The Gunfight at Dodge City is a 1959 American DeLuxe Color Western CinemaScope film. It was produced by the Mirisch Company, directed by Joseph M. Newman, co-written by Martin Goldsmith and Daniel B. Ullman and starred Joel McCrea as Bat Masterson.

==Plot summary==
Bat Masterson has signed over his Hays City, Kansas saloon to his friend Ben Townsend in order to cover a gambling debt, and is hunting buffalo to earn the money to buy the saloon back. As a favor to Ben, he takes along Ben's mentally disabled brother, Billy, on the hunt. A conniving gunman named Dave Rudabaugh warns Bat that he should not return to Hays City to sell the buffalo hides. Bat ignores Rudabaugh and returns to Hays City where he must defend himself in a gun battle, wounding the jealous cavalry sergeant who attacked him. With Hays City being an army town, Bat relocates to Dodge City where his brother, Ed, is the City Marshal.

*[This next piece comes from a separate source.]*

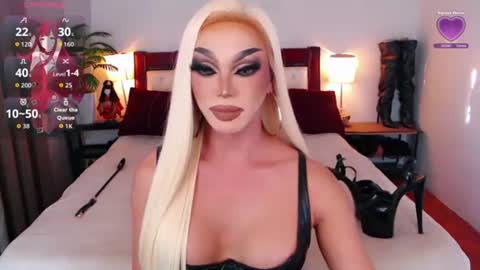 Snapshot of jenifers_body chatting on 06.19.26 Queen Jenifer online show from 06.19.26
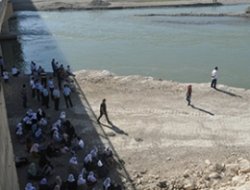 Di Dîcleyê De 3 Kesan Can Dan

The upright Ed complains that County Sheriff Jim Regan is corrupt and destroys his efforts to clean up the town, so Ed is challenging Regan in the election for sheriff. Ed is in love with Pauline Howard, the daughter of a church minister, but has delayed his marriage for unspecified reasons, though a friend speculates Pauline is reluctant.

In the meantime, Bat enters a partnership with Lily, the widowed proprietress of the Lady Gay saloon. She faces ruin as the Sheriff and his deputies are attempting to force her out of business, first by murdering her husband, then by frightening off her croupiers. Bat confronts the Sheriff and his deputies, but he is ambushed and his brother is murdered. Bat is drafted by a citizens committee to run in his brother's place and is elected County Sheriff. He faces a choice between Pauline and Lily and must decide if he is a lawman or a saloon keeper.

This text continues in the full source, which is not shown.